[Available data — start]
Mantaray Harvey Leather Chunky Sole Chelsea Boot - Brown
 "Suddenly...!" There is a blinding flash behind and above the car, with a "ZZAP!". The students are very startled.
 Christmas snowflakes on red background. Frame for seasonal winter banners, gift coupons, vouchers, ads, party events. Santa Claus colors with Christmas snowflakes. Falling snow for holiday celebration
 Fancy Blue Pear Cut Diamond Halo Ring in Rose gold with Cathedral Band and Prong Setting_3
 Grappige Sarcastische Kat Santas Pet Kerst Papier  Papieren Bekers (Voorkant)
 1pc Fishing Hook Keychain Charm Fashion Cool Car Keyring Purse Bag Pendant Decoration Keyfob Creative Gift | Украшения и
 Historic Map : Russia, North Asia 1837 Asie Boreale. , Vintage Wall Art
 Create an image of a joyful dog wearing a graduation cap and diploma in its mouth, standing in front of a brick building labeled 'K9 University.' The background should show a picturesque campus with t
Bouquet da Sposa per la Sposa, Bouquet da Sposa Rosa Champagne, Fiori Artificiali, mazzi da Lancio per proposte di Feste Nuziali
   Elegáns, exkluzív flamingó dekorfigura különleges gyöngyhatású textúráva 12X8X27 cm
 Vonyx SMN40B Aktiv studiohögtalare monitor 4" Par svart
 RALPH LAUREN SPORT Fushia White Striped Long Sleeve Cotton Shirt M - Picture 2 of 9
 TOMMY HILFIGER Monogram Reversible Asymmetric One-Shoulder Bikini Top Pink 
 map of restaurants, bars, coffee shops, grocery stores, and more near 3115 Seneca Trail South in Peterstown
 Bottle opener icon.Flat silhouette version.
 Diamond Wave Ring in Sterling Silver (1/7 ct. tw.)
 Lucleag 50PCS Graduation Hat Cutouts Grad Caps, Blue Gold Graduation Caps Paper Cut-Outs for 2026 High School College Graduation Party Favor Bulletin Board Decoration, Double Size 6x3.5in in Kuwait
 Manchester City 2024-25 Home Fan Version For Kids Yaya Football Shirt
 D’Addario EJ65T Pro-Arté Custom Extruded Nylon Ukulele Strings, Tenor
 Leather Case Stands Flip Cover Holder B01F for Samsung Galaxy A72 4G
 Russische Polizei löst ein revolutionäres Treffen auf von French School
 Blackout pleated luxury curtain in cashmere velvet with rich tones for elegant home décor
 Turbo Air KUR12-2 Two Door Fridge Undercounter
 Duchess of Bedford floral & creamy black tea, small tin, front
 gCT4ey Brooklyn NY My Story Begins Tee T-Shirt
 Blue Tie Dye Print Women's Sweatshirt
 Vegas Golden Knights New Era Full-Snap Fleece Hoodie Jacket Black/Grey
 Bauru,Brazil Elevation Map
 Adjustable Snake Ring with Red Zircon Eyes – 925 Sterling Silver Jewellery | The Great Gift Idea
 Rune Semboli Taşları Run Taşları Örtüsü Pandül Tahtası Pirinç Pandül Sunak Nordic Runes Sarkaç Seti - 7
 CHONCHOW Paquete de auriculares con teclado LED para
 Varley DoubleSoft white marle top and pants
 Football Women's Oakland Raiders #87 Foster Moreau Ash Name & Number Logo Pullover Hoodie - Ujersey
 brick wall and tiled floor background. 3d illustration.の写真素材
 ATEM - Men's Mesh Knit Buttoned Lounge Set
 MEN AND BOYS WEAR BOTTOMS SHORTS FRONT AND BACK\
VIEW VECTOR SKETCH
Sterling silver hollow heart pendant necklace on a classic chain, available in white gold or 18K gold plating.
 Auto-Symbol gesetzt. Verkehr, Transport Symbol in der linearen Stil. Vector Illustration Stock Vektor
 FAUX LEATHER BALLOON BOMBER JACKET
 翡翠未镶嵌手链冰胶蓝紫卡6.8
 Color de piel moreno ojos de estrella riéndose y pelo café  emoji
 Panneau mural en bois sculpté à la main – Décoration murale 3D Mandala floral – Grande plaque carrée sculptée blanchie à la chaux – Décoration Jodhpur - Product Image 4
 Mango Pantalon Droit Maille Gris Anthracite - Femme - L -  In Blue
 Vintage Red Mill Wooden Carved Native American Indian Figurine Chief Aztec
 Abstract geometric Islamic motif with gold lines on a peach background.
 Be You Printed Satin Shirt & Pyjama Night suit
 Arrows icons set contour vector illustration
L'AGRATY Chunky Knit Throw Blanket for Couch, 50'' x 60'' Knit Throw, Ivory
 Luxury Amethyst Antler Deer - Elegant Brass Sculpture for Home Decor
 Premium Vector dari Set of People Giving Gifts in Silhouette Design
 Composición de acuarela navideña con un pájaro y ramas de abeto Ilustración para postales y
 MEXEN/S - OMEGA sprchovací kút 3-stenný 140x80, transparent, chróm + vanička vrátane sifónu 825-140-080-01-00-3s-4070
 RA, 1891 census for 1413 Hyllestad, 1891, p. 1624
[Available data — finish]
*Task to carry out*.
Above are the records; copy exactly the lines from the line with "1pc Fishing Hook" through the line with "Blackout pleated luxury", both included.

*Written solution*.
 1pc Fishing Hook Keychain Charm Fashion Cool Car Keyring Purse Bag Pendant Decoration Keyfob Creative Gift | Украшения и
 Historic Map : Russia, North Asia 1837 Asie Boreale. , Vintage Wall Art
 Create an image of a joyful dog wearing a graduation cap and diploma in its mouth, standing in front of a brick building labeled 'K9 University.' The background should show a picturesque campus with t
Bouquet da Sposa per la Sposa, Bouquet da Sposa Rosa Champagne, Fiori Artificiali, mazzi da Lancio per proposte di Feste Nuziali
   Elegáns, exkluzív flamingó dekorfigura különleges gyöngyhatású textúráva 12X8X27 cm
 Vonyx SMN40B Aktiv studiohögtalare monitor 4" Par svart
 RALPH LAUREN SPORT Fushia White Striped Long Sleeve Cotton Shirt M - Picture 2 of 9
 TOMMY HILFIGER Monogram Reversible Asymmetric One-Shoulder Bikini Top Pink 
 map of restaurants, bars, coffee shops, grocery stores, and more near 3115 Seneca Trail South in Peterstown
 Bottle opener icon.Flat silhouette version.
 Diamond Wave Ring in Sterling Silver (1/7 ct. tw.)
 Lucleag 50PCS Graduation Hat Cutouts Grad Caps, Blue Gold Graduation Caps Paper Cut-Outs for 2026 High School College Graduation Party Favor Bulletin Board Decoration, Double Size 6x3.5in in Kuwait
 Manchester City 2024-25 Home Fan Version For Kids Yaya Football Shirt
 D’Addario EJ65T Pro-Arté Custom Extruded Nylon Ukulele Strings, Tenor
 Leather Case Stands Flip Cover Holder B01F for Samsung Galaxy A72 4G
 Russische Polizei löst ein revolutionäres Treffen auf von French School
 Blackout pleated luxury curtain in cashmere velvet with rich tones for elegant home décor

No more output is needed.